When asked whether the deleted elections records were significant or simply inconsequential extra files on election servers, or electronic voting equipment, Col. (ret.) Shawn Smith USAF systems testing expert stated, “The Federal Election Commission’s 2002 Voting System Standards, which are a mandatory standard for Colorado voting systems, require voting systems to maintain and produce ‘all audit trail information,’ including operating system and hardware. The Department of Justice has already confirmed that digital records ARE election records. The federal and state statutes that require preservation of election records were written for the EXACT purpose of ensuring the availability of records EXACTLY like the those destroyed by the Secretary of State.”

A second claim in the case states that Griswold “failed to employ a federally accredited laboratory to test Colorado voting systems before the 2020 election.” When investigating whether the claim is a mere clerical oversight, the exhibits included in the case show otherwise. Griswold’s selected testing lab’s, Pro V&V’s, accredited status expired in 2017. The next time Pro V&V was officially accredited was 2021. However, in 2019, Griswold issued an official letter [exhibit 1] approving Pro V&V’s test plans, and Griswold cited that testing in her certification of Colorado voting systems used in November 2020. Within the forty-seven months Pro V&V was unaccredited, meaning the lab was not qualified to conduct proper electronic voting equipment testing, Griswold repeatedly used the testing lab and cited its testing reports.

Colorado voters shouldered all the risk when Griswold approved an unaccredited lab to test voting systems. Every single Colorado county used voting equipment during the 2020 election that was not properly tested, and the lapsed lab accreditation likely affected the voting systems used in the 2021 election, as well.

The final claim in the case against Griswold addresses what appears to be Griswold’s attempt to cover-up potential wrongdoing.
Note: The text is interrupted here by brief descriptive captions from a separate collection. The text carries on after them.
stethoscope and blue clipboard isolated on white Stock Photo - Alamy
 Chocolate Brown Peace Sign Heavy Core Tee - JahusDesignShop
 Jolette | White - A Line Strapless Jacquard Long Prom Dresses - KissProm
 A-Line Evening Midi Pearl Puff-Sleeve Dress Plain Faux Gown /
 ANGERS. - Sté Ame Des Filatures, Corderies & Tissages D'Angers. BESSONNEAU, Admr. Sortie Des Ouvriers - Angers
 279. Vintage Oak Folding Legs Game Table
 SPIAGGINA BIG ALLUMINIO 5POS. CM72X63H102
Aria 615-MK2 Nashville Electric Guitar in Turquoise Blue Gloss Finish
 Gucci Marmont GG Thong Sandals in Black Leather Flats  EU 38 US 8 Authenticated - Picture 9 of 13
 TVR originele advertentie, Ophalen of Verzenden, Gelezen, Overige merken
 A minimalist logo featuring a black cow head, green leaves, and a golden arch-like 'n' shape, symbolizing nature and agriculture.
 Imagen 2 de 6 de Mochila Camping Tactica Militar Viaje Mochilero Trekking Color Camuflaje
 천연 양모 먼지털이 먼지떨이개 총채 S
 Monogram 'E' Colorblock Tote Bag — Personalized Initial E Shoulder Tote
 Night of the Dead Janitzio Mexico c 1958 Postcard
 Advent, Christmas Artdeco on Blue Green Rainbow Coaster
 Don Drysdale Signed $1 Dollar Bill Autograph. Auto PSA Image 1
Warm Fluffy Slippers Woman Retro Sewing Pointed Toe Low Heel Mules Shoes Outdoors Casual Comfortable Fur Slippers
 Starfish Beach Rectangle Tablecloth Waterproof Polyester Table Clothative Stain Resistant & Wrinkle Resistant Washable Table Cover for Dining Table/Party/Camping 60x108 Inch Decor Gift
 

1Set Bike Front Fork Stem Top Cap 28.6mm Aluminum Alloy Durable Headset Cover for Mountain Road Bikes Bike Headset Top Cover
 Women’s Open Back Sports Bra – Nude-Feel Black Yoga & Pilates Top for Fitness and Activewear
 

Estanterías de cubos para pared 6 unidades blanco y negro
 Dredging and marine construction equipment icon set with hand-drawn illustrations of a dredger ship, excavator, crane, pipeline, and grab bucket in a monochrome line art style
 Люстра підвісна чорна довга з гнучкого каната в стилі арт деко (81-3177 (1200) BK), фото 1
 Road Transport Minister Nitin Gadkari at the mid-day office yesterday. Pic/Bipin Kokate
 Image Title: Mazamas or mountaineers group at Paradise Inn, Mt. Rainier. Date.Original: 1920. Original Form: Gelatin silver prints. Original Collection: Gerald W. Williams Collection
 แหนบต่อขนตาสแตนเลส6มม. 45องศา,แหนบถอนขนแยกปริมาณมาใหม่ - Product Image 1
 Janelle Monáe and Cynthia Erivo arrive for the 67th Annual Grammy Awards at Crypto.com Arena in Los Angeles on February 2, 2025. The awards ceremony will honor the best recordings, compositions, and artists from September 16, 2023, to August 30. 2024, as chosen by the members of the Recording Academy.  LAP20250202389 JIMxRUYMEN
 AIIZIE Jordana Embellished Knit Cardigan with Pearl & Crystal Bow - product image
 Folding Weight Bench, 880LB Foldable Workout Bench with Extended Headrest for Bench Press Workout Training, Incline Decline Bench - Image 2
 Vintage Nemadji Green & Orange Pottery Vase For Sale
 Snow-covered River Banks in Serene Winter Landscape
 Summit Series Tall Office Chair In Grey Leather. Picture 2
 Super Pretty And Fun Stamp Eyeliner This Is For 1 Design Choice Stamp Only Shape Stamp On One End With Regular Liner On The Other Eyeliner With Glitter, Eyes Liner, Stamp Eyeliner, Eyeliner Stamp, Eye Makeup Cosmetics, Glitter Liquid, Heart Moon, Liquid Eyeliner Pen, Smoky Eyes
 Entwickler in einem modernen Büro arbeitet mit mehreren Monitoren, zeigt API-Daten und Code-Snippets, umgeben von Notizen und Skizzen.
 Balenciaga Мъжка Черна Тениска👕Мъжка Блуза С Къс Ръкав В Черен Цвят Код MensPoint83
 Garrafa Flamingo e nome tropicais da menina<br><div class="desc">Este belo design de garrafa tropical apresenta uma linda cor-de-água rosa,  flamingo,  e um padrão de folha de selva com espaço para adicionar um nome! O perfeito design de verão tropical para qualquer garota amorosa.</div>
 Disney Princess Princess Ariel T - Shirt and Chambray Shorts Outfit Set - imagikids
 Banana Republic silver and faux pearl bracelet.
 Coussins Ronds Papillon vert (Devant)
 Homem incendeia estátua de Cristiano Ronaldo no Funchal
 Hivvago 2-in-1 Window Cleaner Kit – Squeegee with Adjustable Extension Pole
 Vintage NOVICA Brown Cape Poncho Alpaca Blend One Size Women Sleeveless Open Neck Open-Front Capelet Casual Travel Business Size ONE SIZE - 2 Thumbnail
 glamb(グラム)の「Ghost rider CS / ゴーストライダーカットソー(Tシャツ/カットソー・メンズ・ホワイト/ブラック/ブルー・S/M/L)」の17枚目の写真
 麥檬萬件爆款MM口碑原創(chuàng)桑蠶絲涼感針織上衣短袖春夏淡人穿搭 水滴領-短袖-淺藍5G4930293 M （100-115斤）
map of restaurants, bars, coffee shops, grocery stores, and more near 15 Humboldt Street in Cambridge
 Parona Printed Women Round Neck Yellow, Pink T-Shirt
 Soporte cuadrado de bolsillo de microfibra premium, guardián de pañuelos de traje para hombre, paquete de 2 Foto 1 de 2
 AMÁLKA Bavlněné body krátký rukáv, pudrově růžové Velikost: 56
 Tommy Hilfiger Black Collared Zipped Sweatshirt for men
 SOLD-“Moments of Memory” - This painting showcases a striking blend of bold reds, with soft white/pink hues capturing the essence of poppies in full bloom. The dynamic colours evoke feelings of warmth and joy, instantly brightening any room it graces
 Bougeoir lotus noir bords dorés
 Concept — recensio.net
In June 2021, Griswold issued emergency election rules limiting who can access electronic voting equipment; “Defendant’s [Griswold’s] employees, County Clerk’s employees, election judges, and voting system vendors. No independent consultants are allowed.” Griswold’s emergency election rules impact Colorado elections in two distinct ways.

First, the rules ensure that any independent forensic audits of election equipment, which is exactly what Colorado citizens are asking for, are forbidden. Secondly, none of the people or parties Griswold identifies as being allowed to access voting equipment have adequate technical expertise to verify the electronic voting equipment.